As for the name of this traditional Turkish dish, I didn’t translate it into English as it may sound nonsense. The pure translation is this: The Imam Fainted. Funny, isn’t it? I love not only the dish itself, but also its name. There are several versions of the story of this name. But I want to share the most common and the shortest one. Here it goes!
Once upon a time, there was an imam in a country. He picked some eggplants from his garden on a hot and muggy summer day and took them home. He asked her wife to cook a tasty dish with these eggplants. His wife wanted to make a different dish and she first fried the eggplants, cooked tomatoes, peppers etc in another pot and combined them in a boat shape, then cooked it in oven. However, she put too much oil to the dish. The imam couldn’t refuse to eat it, but fainted at the end of his meal with the effect of hot weather and too much oil. His wife screamed “the imam fainted!” (imam bayildi). Since then, this dish has been called imambayildi (two words combined).
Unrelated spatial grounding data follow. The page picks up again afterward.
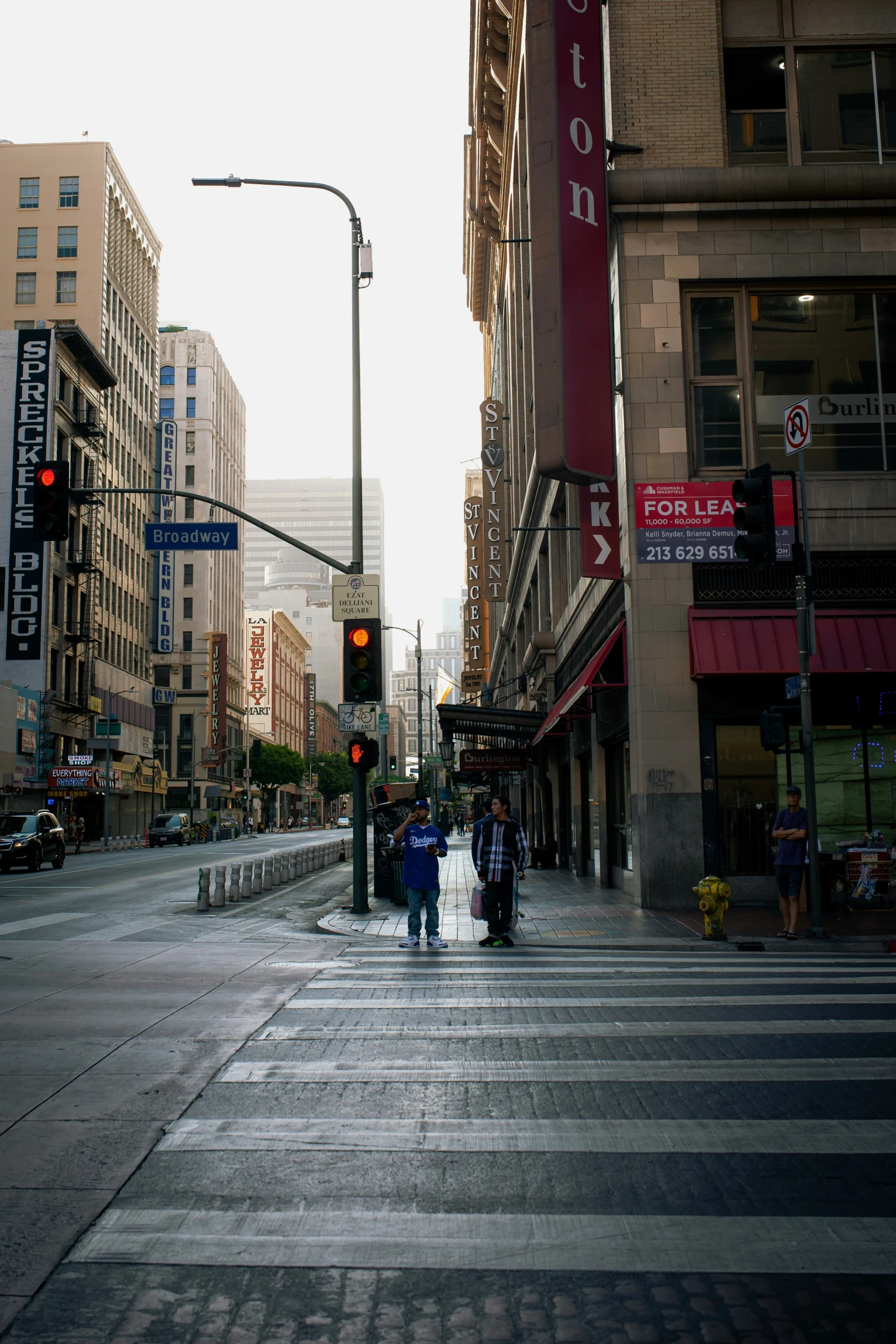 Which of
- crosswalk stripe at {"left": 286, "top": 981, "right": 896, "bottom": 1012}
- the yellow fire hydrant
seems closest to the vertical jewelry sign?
the yellow fire hydrant

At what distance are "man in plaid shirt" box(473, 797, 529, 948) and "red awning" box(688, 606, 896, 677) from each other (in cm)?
519

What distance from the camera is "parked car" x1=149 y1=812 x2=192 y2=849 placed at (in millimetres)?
65875

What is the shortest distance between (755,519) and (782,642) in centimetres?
441

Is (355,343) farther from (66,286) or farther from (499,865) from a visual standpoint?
(66,286)

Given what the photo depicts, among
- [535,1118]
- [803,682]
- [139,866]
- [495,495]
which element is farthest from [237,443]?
[535,1118]

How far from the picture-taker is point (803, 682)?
47.8 ft

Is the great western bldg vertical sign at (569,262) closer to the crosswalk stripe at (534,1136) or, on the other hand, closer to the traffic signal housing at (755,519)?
the traffic signal housing at (755,519)

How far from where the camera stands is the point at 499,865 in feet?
44.7

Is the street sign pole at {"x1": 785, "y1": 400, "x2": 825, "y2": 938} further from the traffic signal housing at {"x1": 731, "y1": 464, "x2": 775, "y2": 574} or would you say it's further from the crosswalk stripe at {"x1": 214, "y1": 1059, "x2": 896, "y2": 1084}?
the crosswalk stripe at {"x1": 214, "y1": 1059, "x2": 896, "y2": 1084}

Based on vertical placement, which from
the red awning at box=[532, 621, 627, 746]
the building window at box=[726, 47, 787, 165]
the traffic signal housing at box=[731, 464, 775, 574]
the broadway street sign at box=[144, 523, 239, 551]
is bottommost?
the red awning at box=[532, 621, 627, 746]

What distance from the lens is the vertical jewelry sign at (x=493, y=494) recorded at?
44312mm

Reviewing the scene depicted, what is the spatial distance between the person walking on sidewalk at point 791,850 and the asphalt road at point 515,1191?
551 centimetres

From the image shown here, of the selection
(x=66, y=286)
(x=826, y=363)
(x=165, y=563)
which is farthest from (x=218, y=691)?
(x=826, y=363)

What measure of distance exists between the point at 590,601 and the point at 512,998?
1412cm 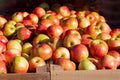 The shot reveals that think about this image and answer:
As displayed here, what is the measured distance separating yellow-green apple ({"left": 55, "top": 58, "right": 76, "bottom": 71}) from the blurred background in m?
1.57

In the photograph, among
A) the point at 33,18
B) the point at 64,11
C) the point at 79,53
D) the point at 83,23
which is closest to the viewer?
the point at 79,53

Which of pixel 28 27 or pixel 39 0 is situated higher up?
pixel 39 0

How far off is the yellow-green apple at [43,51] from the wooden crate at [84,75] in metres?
0.42

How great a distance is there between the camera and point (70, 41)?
2516mm

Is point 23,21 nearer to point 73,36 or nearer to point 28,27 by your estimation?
point 28,27

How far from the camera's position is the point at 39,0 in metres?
4.39

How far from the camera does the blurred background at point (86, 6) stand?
3.81 metres

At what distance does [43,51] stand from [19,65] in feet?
0.76

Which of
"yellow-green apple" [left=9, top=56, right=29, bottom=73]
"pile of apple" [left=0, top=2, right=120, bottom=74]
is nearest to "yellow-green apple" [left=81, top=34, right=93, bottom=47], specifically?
"pile of apple" [left=0, top=2, right=120, bottom=74]

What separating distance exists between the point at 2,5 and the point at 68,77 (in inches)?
99.7

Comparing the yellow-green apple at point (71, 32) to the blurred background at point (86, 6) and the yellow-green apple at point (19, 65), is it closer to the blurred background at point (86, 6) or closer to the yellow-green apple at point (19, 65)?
the yellow-green apple at point (19, 65)

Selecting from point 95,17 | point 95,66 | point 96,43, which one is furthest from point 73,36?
point 95,17

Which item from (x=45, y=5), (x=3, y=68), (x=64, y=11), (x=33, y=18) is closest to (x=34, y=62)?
(x=3, y=68)

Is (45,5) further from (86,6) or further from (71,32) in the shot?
(71,32) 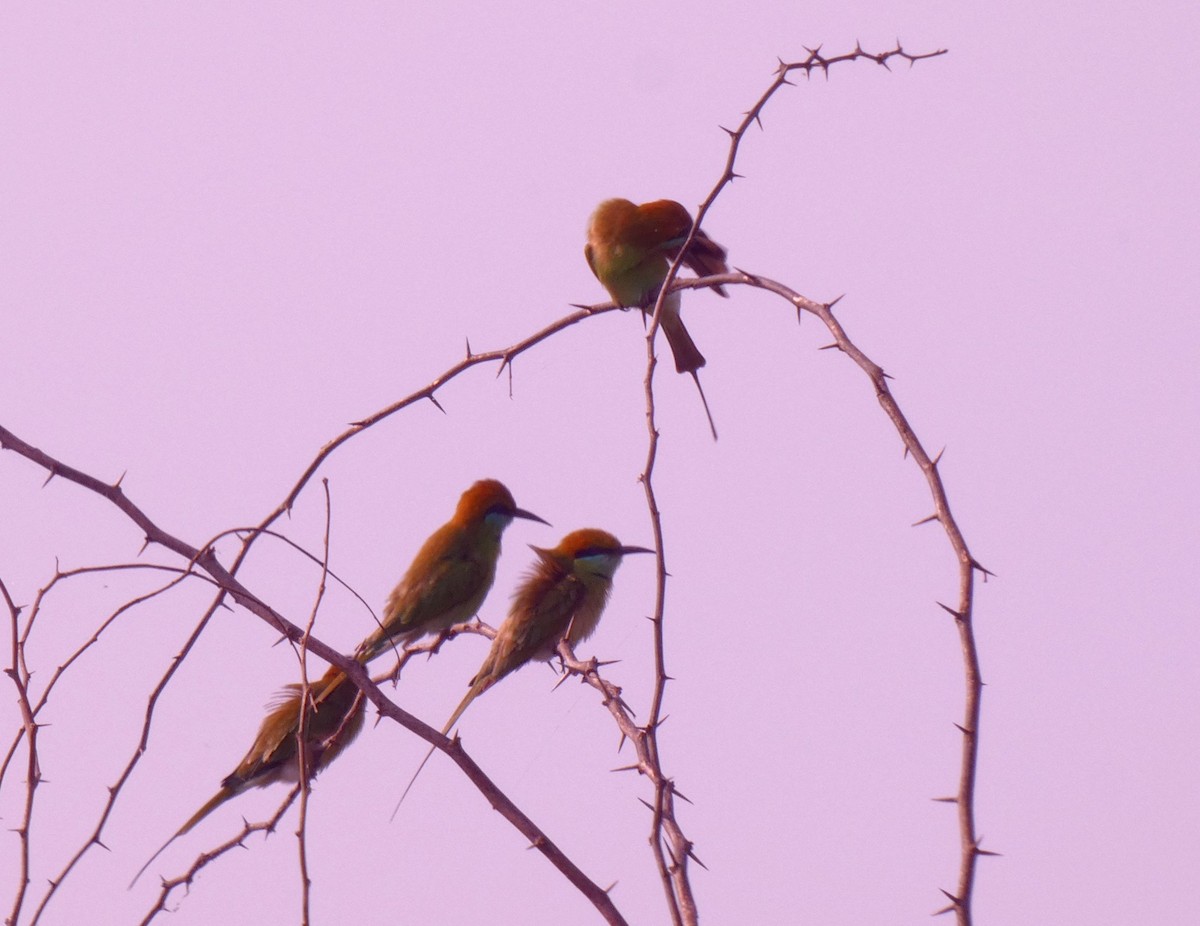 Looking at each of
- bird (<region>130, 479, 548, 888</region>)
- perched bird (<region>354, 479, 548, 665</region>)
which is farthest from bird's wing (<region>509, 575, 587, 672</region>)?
perched bird (<region>354, 479, 548, 665</region>)

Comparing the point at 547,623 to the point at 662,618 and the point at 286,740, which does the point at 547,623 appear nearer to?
the point at 286,740

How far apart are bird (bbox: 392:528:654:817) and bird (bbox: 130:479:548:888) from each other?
0.42 m

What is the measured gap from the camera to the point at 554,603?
493cm

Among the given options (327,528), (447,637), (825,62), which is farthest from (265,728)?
(825,62)

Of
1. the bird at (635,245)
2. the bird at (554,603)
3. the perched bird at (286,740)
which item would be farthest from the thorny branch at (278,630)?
the bird at (635,245)

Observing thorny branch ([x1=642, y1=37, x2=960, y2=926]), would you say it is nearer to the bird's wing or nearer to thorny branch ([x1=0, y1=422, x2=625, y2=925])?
thorny branch ([x1=0, y1=422, x2=625, y2=925])

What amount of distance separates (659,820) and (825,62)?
1270 millimetres

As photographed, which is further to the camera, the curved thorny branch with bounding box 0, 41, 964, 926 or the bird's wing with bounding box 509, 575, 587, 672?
the bird's wing with bounding box 509, 575, 587, 672

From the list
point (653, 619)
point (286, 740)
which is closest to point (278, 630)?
point (653, 619)

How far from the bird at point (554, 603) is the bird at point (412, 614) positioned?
417 millimetres

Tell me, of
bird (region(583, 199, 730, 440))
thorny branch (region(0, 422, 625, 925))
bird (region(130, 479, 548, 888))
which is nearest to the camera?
thorny branch (region(0, 422, 625, 925))

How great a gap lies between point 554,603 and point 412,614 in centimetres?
75

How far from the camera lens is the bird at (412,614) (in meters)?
5.10

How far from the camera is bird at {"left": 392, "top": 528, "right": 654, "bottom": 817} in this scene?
471 centimetres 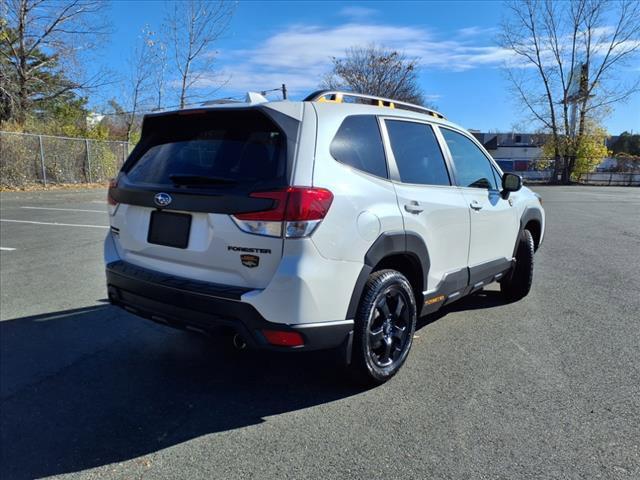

In another version, it is said that the imam fainted even before eating, when he saw the amount of the oil in the dish as oil was so expensive those times.
I don’t love frying something in a pan as I have to clean all the kitchen afterwards, I prefer doing this process in oven. How? It’s in the recipe.
If you get curious enough about imambayildi, let me stop telling stories and give its recipe:
Ingredients (servings :4)
- 4 medium sized eggplants (zucchini shaped)
- 1 medium onion, diced
- 2 green peppers, chopped
- 3 medium sized tomatoes, peeled and diced
- 3 cloves garlic, minced
- 2 tbsp minced fresh mint
- 2 tbsp minced parsley
- Olive oil
- Salt to taste
- 2 sugar cubes
- ¼ cup water
Wash the eggplants. Peel them lengthwise, leaving strips. Cut the green parts around the stems, but leave the stems.
Wait the eggplants for about 15min. in a bowl of salted water to remove their bitterness. Then squeeze them gently and dry with paper towel. To let the heat enter their inside, pierce them on their several parts with a fork.
Preheat the oven to 200C.
Oil a small oven tray and lay the eggplants in it. Then pour 1 ½ tbsp olive oil on each. Put it in oven and cook until they get tender enough (about 30 minutes). You can check it with a small knife.
Meanwhile, we can prepare the filling. Heat 3 tbsp olive oil in a pot and saute the onion. Add peppers and saute. Add tomatoes and garlic, cook it about 5 minutes. Put 2 sugar cubes and enough salt in it. Add fresh mint and parsley, stir a few times and take it from fire.
Take the eggplants out from oven. Cut their stomachs so gently, not too deep. Grab a dessert spoon and give it a boat shape by moving their sides gently aside.
Now put the filling mixture evenly into their opened stomach. Drizzle little olive oil on each eggplant. And pour ¼ cup water in the tray. Cook it in oven at 180C for 40 minutes.
This is a kind of traditional Turkish olive oil dishes that may be served warm or cold either as a main dish or as a side dish. Personally, I love to eat it dipping some bread into its ‘stomach’ and a cup of yogurt goes very well with it.